Outre cela, comme les feuilles des arbres, qui d'ellesmêmes ne sont pas beaucoup prisables, servent néanmoins de beaucoup, non-seulement pour les embellir, mais aussi pour conserver les fruits tandis qu'ils sont encore tendres; ainsi, la bonne renommée, qui de soi-même n'est pas une chose fort désirable, ne laisse pas d'être trèsutile, non-seulement pour l'ornement de notre vie, mais aussi pour la conservation de nos vertus, et principalement des vertus encore tendres et faibles. L'obligation de maintenir notre réputation et d'être tels que l'on nous estime, force un courage généreux d'une puissante et douce violence. Conservons nos vertus, ma chère Philothée, parce qu'elles sont agréables à Dieu, grand et souverain objet de toutes nos actions. Or, comme ceux qui veulent garder les fruits ne se contentent pas de les confire, mais les mettent dans des vases propres à la conservation de ceux-ci, de même, bien que l'amour divin soit le principal conservateur de nos vertus, si est-ce que nous pouvons encore employer la bonne renommée, comme fort propre et utile à cela.

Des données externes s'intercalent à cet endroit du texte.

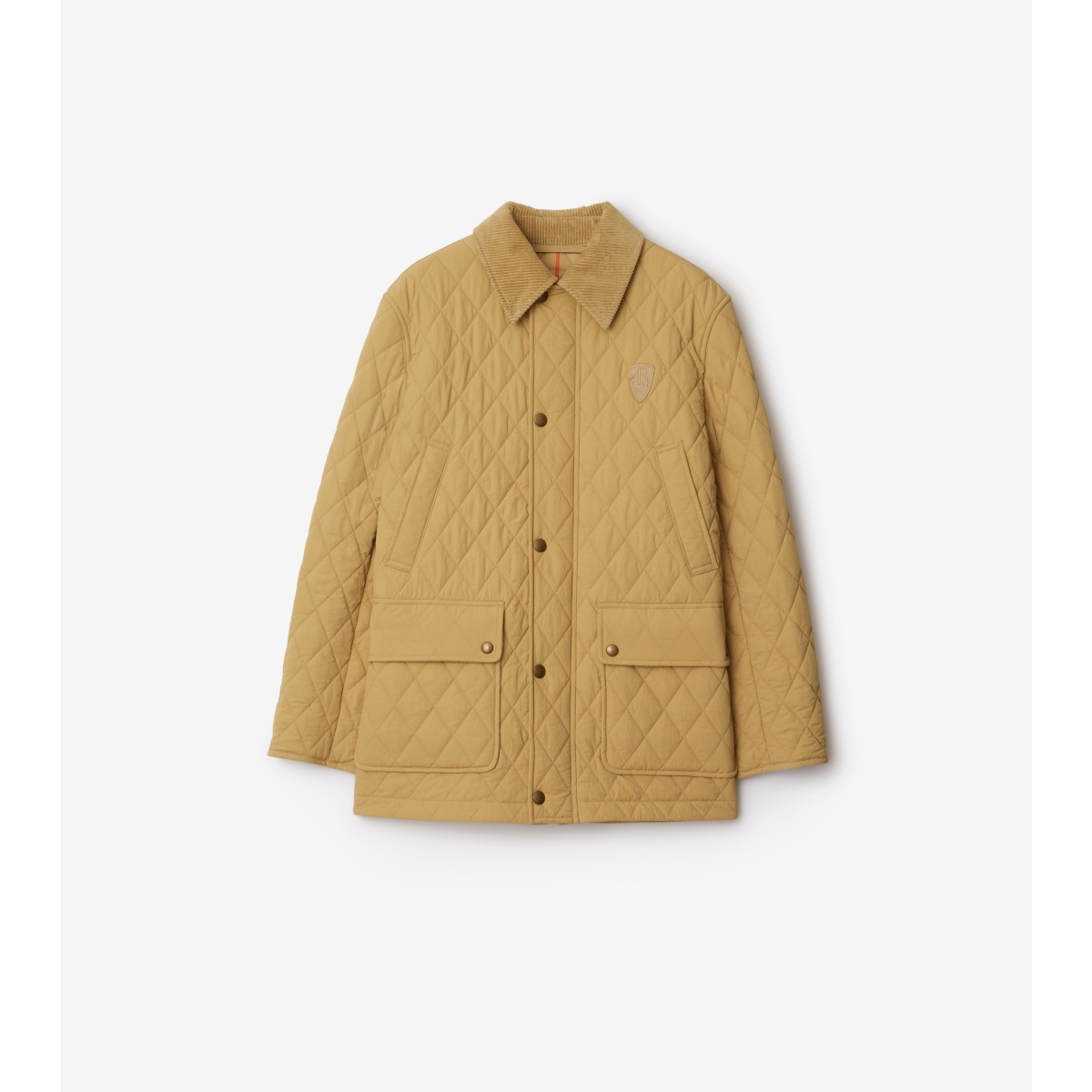 Shop Burberry Quilted Nylon Barn Jacket In Flax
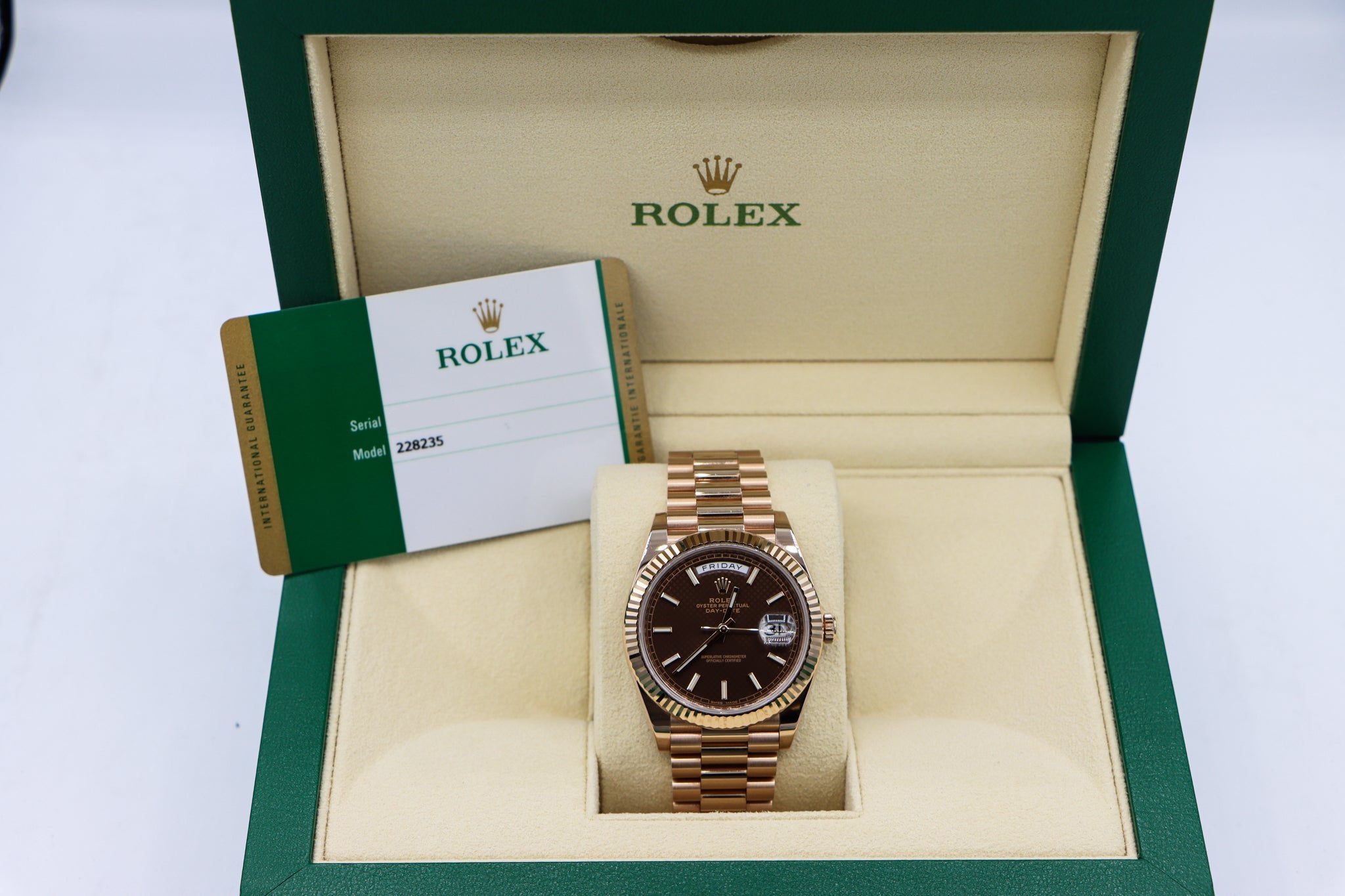 Rolex | Day-Date Motif Dial | 228235 in box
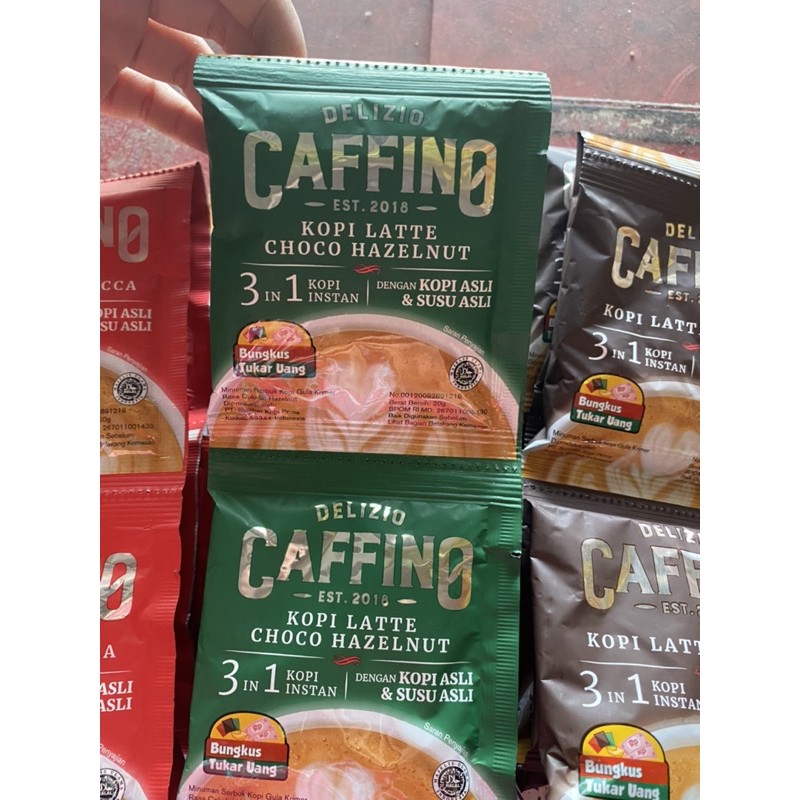 KOPI CAFFINO HAZELNUT, MOCHA, CLASSIC RENTENG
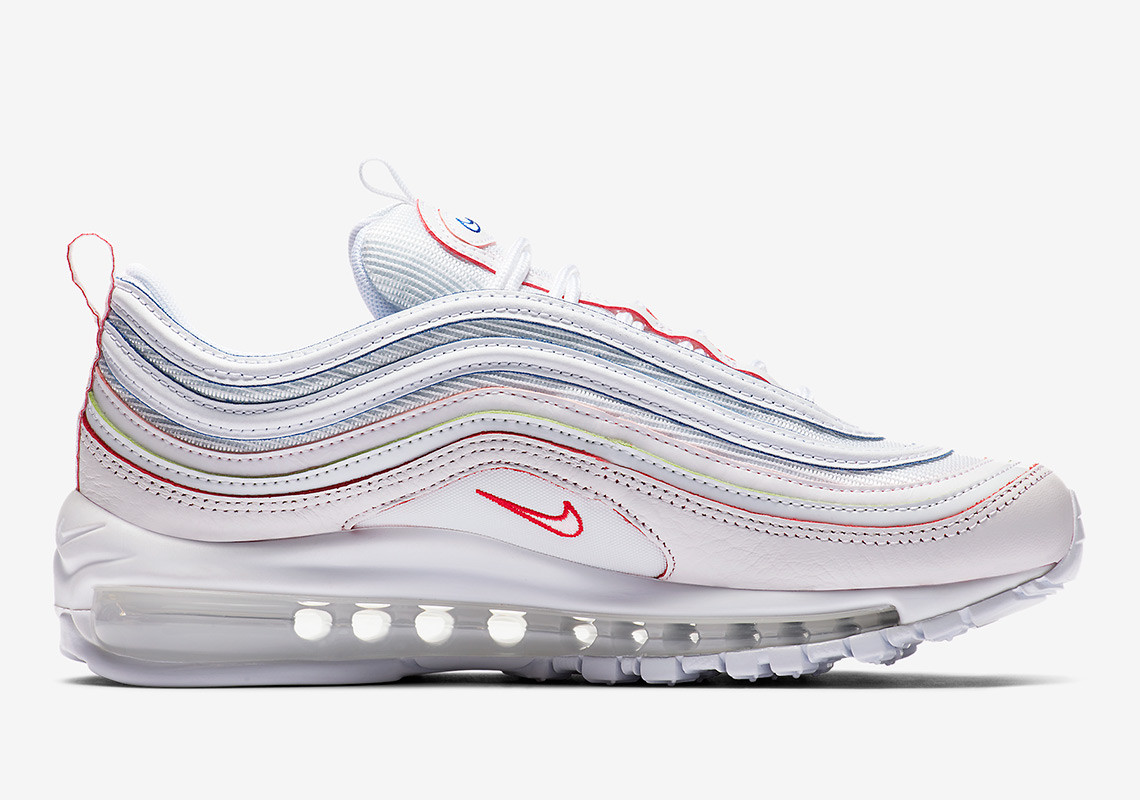 Nike Air Max 97 SE Femme Tea Berry Bordeaux Blanc Rouge Bleu Il n'y a aucun avis sur ce produit.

Il ne faut pas pourtant que nous soyons trop ardents, exacts et pointilleux à cette conservation, car ceux qui sont

si douillets et sensibles pour leur réputation ressemblent à ceux qui, pour toutes sortes de petites incommodités, prennent des médecines; car ceux-ci, pensant conserver leur santé, la gâtent tout à fait; et ceux-là, voulant maintenir si délicatement leur réputation, la perdent entièrement; car, par cette tendreté, ils se rendent bizarres, mutins, insupportables, et provoquent la malice des médisants.

La dissimulation et mépris de l'injure et calomnie est pour l'ordinaire un remède beaucoup plus salutaire que le ressentiment, la conteste et la vengeance; le mépris les fait évanouir, si on s'en courrouce, il semble qu'on les avoue. Les crocodilles n'endommagent que ceux qui les craignent ; ni certes la médisance, sinon ceux qui s'en mettent en peine.

La crainte excessive de perdre la renommée témoigne une grande défiance du fondement de celle-ci, qui est la vérité d'une bonne vie. Les villes qui ont des ponts de bois sur de grands fleuves, craignent qu'ils ne soient emportés à toutes sortes de débordements; mais celles qui les ont de pierre, n'en sont en peine que pour des innondations extraordinaires; ainsi, ceux qui ont une âme solidement chrétienne, méprisent ordinairement les débordements des langues injurieuses; mais ceux qui se sentent faibles, s'inquiètent à tout propos. Certes, Philothée, qui veut avoir réputation envers tous la perd envers tous, et celui-là mérite de perdre l'honneur, qui le veut prendre de ceux que les vices rendent vraiment infâmes et déshonorés.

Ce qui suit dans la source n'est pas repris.